While adopting cloud computing, one of the key asks especially within regulated industries (e.g. Finance, Healthcare, Government, Telco etc.) is the ability to have full control over the data. In my experience with Financial Services teams, full control over data usually translates to
- Controlling the location of data processing and data storage systems
- Controlling the keys to encrypt data pipeline
Having full control on location and encryption is a relatively well established mode of operation for storage systems both on and off premise. However managing location and encryption for streaming analytics requires a little more consideration because it involves multiple components in the processing AND in a streaming analytics you need to protect data at rest as well as during processing.
This blog post is my attempt to demonstrate how a streaming analytics pipeline on Google Cloud using PubSub, Apache Beam (on Dataflow runner), Cloud Storage and BigQuery can be executed in a single region and protected end to end using Customer Managed Encryption key (CMEK). The pipeline is fairly simple as shown below.

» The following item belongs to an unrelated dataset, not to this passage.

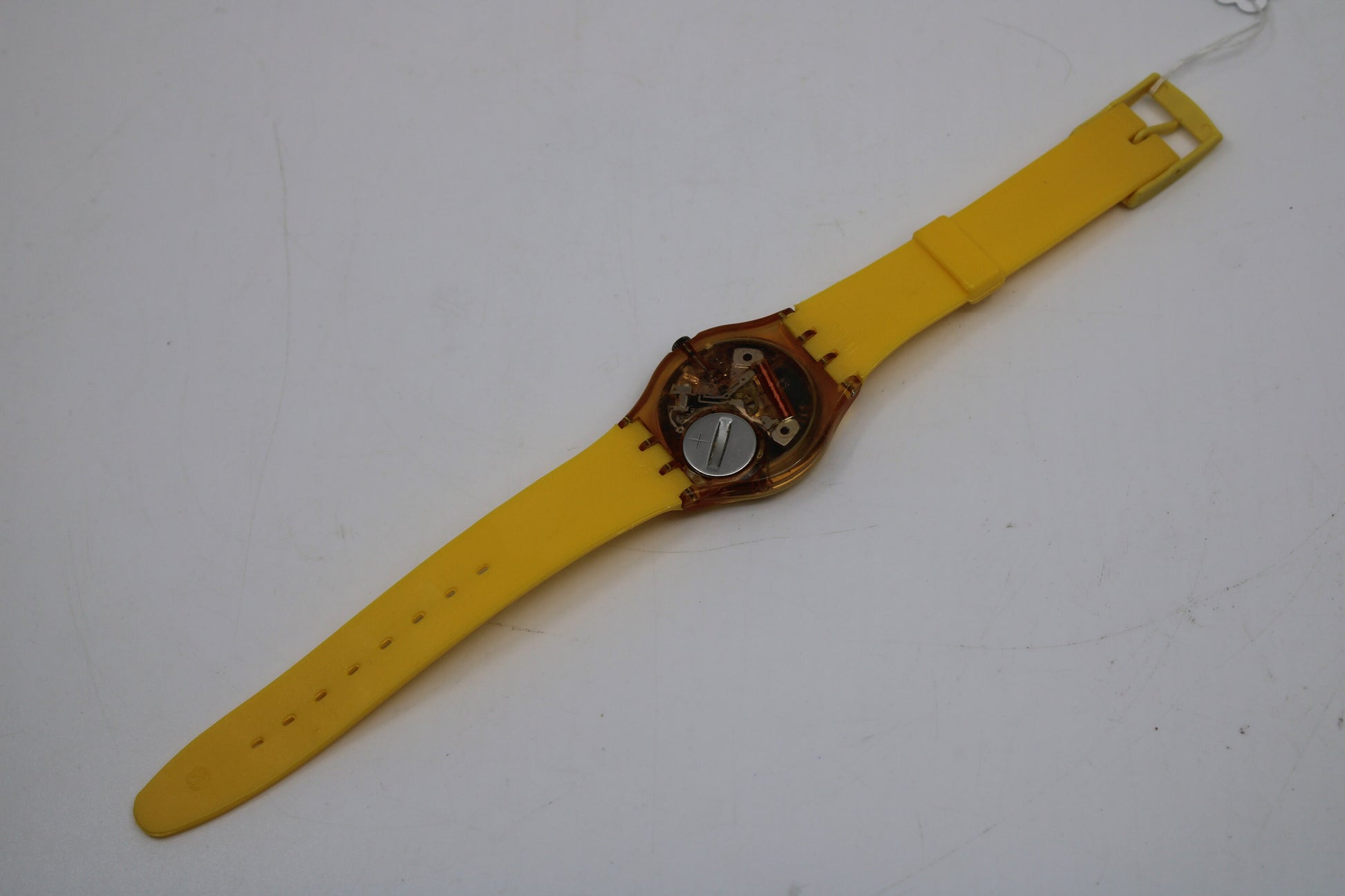 1993 Vintage Gents Swatch, 'Il Poeta', GP107, NO box, In NICE, USED Condition, 100% working, Non-Original Strap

To execute this pipeline, I need to set up encryption key ring and keys as well as the source, sinks and other components.
Set Project Level metadata
PROJECT_ID=XXXXXXXXXXXXXX PROJECT_NUMBER=nnnnnnnnnnn REGION=europe-west2 TOPIC_NAME=str-pl-pubsub-topic DATASET_NAME=da_streaming_pipeline TABLE_NAME_1=cc_account_info STAGING_LOCATION=gs://da_streaming_pipeline/stage TEMP_LOCATION=gs://da_streaming_pipeline/temp export PROJECT_ID PROJECT_NUMBER REGION TOPIC_NAME DATASET_NAME TABLE_NAME_1 STAGING_LOCATION TEMP_LOCATION
Setup Encryption Keys
Here I will create two sets of encryption keys. One regional key for PubSub topic and BigQuery dataset and a Global key for Dataflow. Global key is required because Dataflow does not have an endpoint in europe-west2 (London). In order to process data using worker nodes in europe-west2 (London), the configuration is to use dataflow endpoint in europe-west1 (Belgium) and the zone for worker nodes in europe-west2 (London). The Global key is not required in scenarios where Dataflow worker nodes are in the same region as its regional end point.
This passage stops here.